_INSTRUCTIONS TO FOLLOW_
Copy out exactly the lines below that run from the one holding "I type in mercury, and" to the one holding "A test charge", keeping both of those lines and no others.

_SUPPLIED DATA_
Segment Open

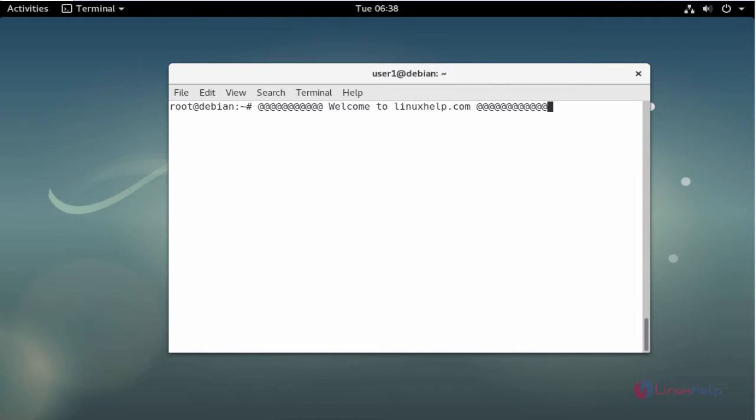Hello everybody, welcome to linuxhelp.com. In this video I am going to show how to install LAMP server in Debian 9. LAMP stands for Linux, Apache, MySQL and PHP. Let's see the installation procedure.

Segment Closed
Segment Open

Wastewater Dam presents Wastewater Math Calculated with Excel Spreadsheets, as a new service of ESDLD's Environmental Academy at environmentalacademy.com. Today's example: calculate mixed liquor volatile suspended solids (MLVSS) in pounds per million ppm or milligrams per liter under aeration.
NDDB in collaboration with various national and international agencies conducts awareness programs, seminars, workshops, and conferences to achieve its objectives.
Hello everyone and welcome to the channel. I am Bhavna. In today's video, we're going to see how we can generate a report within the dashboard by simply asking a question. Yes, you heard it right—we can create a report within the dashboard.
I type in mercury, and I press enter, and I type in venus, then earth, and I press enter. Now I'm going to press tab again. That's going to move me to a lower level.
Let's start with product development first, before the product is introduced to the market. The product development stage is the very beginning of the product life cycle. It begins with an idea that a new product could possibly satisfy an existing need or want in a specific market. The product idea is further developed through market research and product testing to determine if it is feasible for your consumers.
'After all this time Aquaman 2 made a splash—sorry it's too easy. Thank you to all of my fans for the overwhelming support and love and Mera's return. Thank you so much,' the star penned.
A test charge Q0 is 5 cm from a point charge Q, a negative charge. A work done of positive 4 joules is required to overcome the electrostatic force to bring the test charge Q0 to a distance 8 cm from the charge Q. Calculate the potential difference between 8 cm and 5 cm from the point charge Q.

Segment Closed

_FINAL ANSWER_
I type in mercury, and I press enter, and I type in venus, then earth, and I press enter. Now I'm going to press tab again. That's going to move me to a lower level.
Let's start with product development first, before the product is introduced to the market. The product development stage is the very beginning of the product life cycle. It begins with an idea that a new product could possibly satisfy an existing need or want in a specific market. The product idea is further developed through market research and product testing to determine if it is feasible for your consumers.
'After all this time Aquaman 2 made a splash—sorry it's too easy. Thank you to all of my fans for the overwhelming support and love and Mera's return. Thank you so much,' the star penned.
A test charge Q0 is 5 cm from a point charge Q, a negative charge. A work done of positive 4 joules is required to overcome the electrostatic force to bring the test charge Q0 to a distance 8 cm from the charge Q. Calculate the potential difference between 8 cm and 5 cm from the point charge Q.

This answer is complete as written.